Maritime Tradition und brüllende Moderne treffen in Singapur nicht nur bei seinem Wappentier aufeinander, sondern spiegeln auch die Suche des Stadtstaates nach einer Identität authentisch wider.

Gobbal trifft an diesem Abend zum ersten Mal in seinem Leben auf Merlion. Groß und majestätisch thront das Nationalsymbol Singapurs vor der hell beleuchteten Skyline im Süden der Insel; den Horizont dabei immer fest im Blick. Einzig die vielen Containerschiffe, welche unermüdlich die Frachthäfen anlaufen, trüben den einst so romantischen Postkartenblick. Maritime Tradition und brüllende Moderne – diese zwei vermeintlichen Gegensätze treffen nicht nur bei dem Fabelwesen aus Fisch und Löwe aufeinander, sondern spiegeln auch Singapurs Suche nach einer gemeinsamen Identität authentisch wider.

Obwohl er nun schon seit knapp zwei Jahren in dem südostasiatischen Stadtstaat lebt, hatte sich Gobbal bisher noch nie bis in das hiesige Hochhausviertel gewagt. „Selbst wenn ich einen Anzug trage, werden mir verachtende Blicke zugeworfen. Als Inder bin ich hier ein Mensch zweiter Klasse.“ Der 24-jährige IT-Spezialist hat sein bisheriges Leben in der indischen Metropole Mumbai nach dem Studienabschluss zurückgelassen.

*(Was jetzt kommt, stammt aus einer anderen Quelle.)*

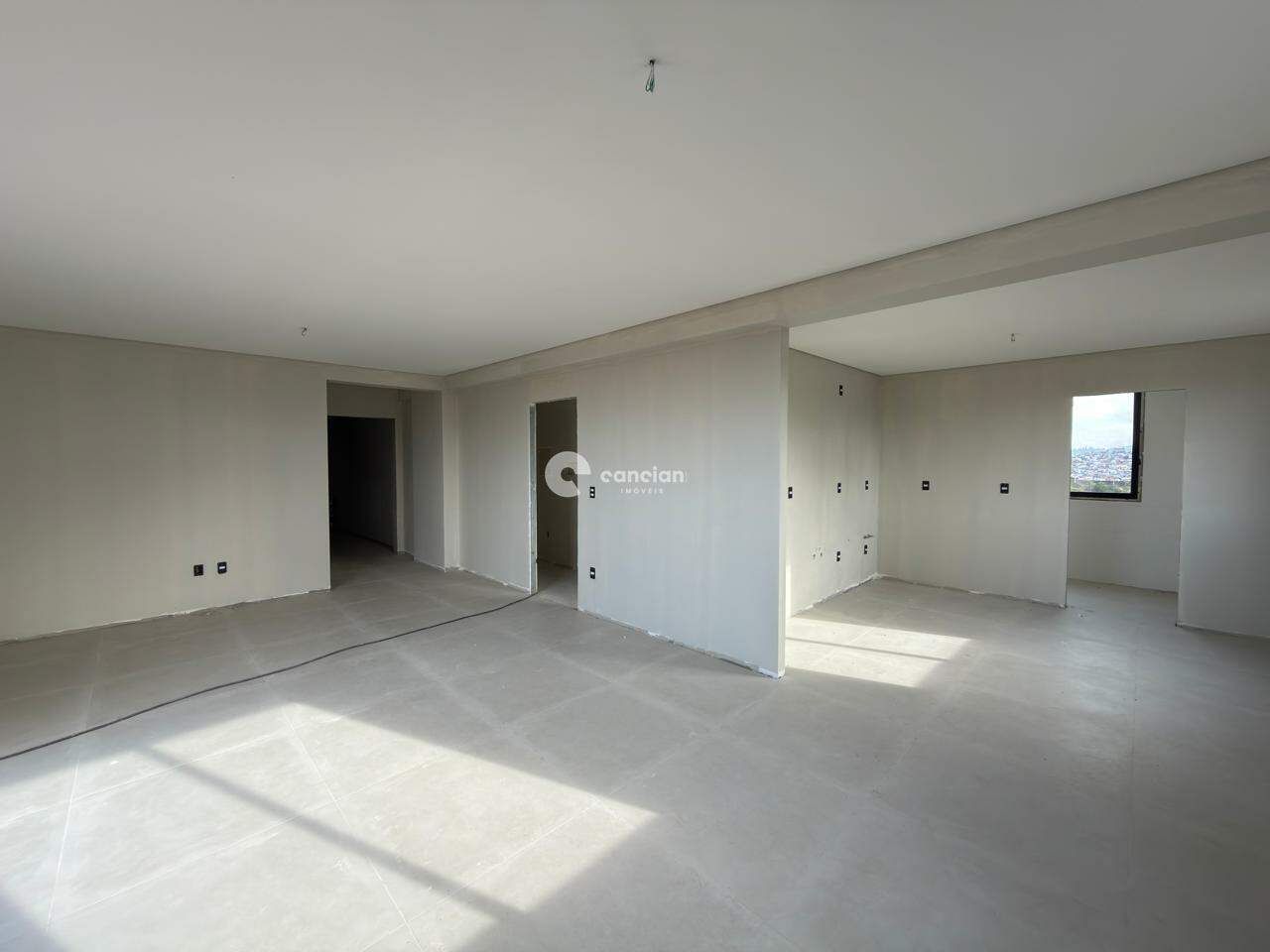 Apartamento à venda no Duque de Caxias: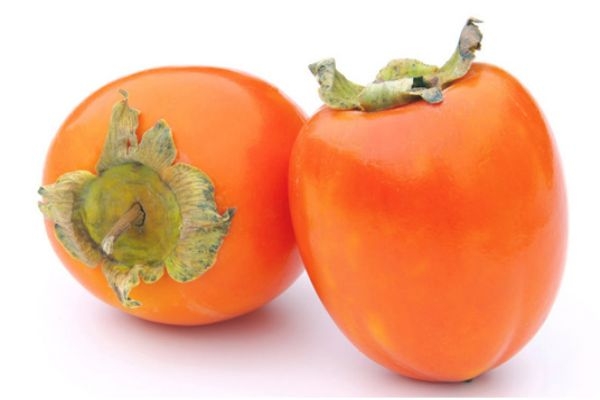 柿子里的黑点能吃吗,柿子里面的黑点能吃么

Für einen vielversprechenden Job hat er einen Neuanfang in Singapur gewagt. Neben westlicher Kleidung und Andenken an die Heimat hatte Gobbal auch die Hoffnung auf eine bessere Zukunft für sich und seine Familie im Gepäck. „Im Vergleich zu Indien verdiene ich hier viel mehr Geld, aber genügend bleibt uns davon trotzdem nicht übrig“, klagt er. „Miete und Lebenskosten steigen ständig an und den Großteil meines Einkommens schicke ich zu meinen Verwandten nach Mumbai.“

Gobbal lebt mit seiner Frau und dem einjährigen Sohn in einer kleinen Wohnung in einem anonymen Hochhaus in Little India, einem bevölkerungsreichen Bezirk nahe der Stadt. Zwei der vier Zimmer vermietet er regelmäßig an Praktikanten, um monatlich über die Runden kommen zu können. Der kleinen Familie bleibt so nur ihr Schlafzimmer als einziger Rückzugsraum.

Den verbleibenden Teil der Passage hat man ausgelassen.